Sunday, December 7, 2008

V for Vendetta

The script for the film is so well written that makes me want to quote on and on. The most famous anti-authoritarian saying is “people should not be afraid of their governments. Governments should be afraid of their people.” Ironically, it’s in huge contrast to what happened in reality. At the end, V sacrifices his personal life, as he believes “beneath this mask there is more than flesh. Beneath this mask there is an idea… And ideas are bulletproof.” Thus it doesn’t matter whether he would die or not, since his idea has already spread to everyone.
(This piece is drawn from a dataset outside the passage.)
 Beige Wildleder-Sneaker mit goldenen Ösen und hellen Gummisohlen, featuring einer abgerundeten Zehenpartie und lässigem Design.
However, no matter how inspiring those sentences sound to be, I still keep my suspicion for such character like V. I would rather think revolution is just a temporary illusion, and I never agree with the means to use violence to anti-violence in the name of revolution. In the introduction of V himself, he explains “the only verdict is vengeance, a vendetta...held as a votive not in vain, for the value and veracity of such...shall one day vindicate the vigilant and the virtuous.” But is revenge the only thing we could do? Should we sacrifice some people’s lives in order to exchange for “the happiness of majority,” or could we?

Evey actually has her doubts for V. In their conversation, she raises the question.
E-You really think blowing up Parliament's going to make this country a better place?
V-There's no certainty, only opportunity.
Well, there are so many opportunities come and go. Every time the revolution is supposed to liberate all human beings, but at the end, it’s just a switch to another dictatorship. V criticizes the dictator as “he promised you order, he promised you peace and all he demanded in return was your silent, obedient consent.” But who knows after the revolution there won’t be another dictator just like that?
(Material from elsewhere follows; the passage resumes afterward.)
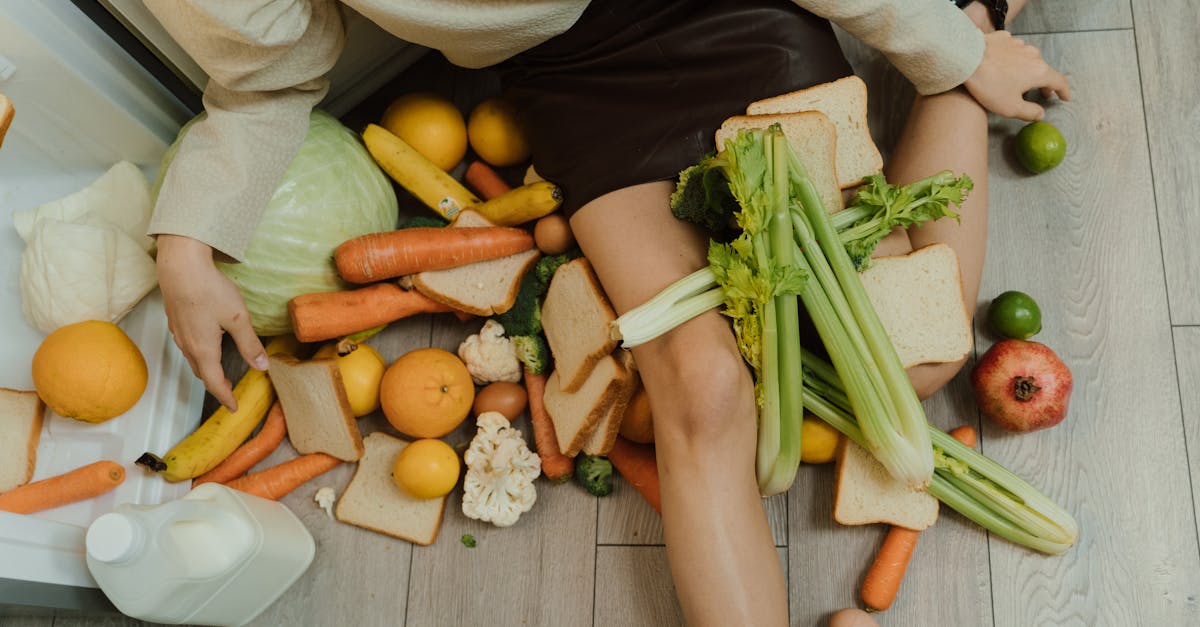 zero waste lifestyle - A woman amidst spilled groceries, highlighting food waste and consumerism with vegetables, fruits, and bread.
At least, that’s the cycle happened in Chinese history over thousands of years, and we still haven’t get out of it. I’d like to quote from someone said in the documentary of “Tiananmen”: “In the past century or so, the Chinese people have shed blood time and again, without losing the courage to fight for their ideals. Each battle, however, has ended in a new tragedy, another shattered dream. I believe that what the Chinese lack are not ideals, but the means through which to realize them; not courage, but the wisdom necessary to achieve their goal. What the Chinese lack is not a heart, but a mind.”

“The strength comes from united, and the united comes from belief.” V usually likes to draw a huge V on this government slogan, so as to show he’s against it. But if think again, V actually practices the same idea as the government, when we see thousands of people march to the government building under V’s masks.

Again back to what happened in 1989, China. During that time, some people shouted, “down with Li Peng.” Such a slogan was exactly what people used in the Cultural Revolution. It is still the same tactic the Party used when they tried to accuse a person. Students tried to oppose the government’s misbehavior, but they ended up just like them, because they were educated by the same ideology from the government.

So the real question is what would happen after the revolution? The explosion could be seen as a carnival, but it doesn’t bring anything. People have to back to their normal life. Then who should bring back the order, and what kind of order? The film ends there, but the real life has to go on.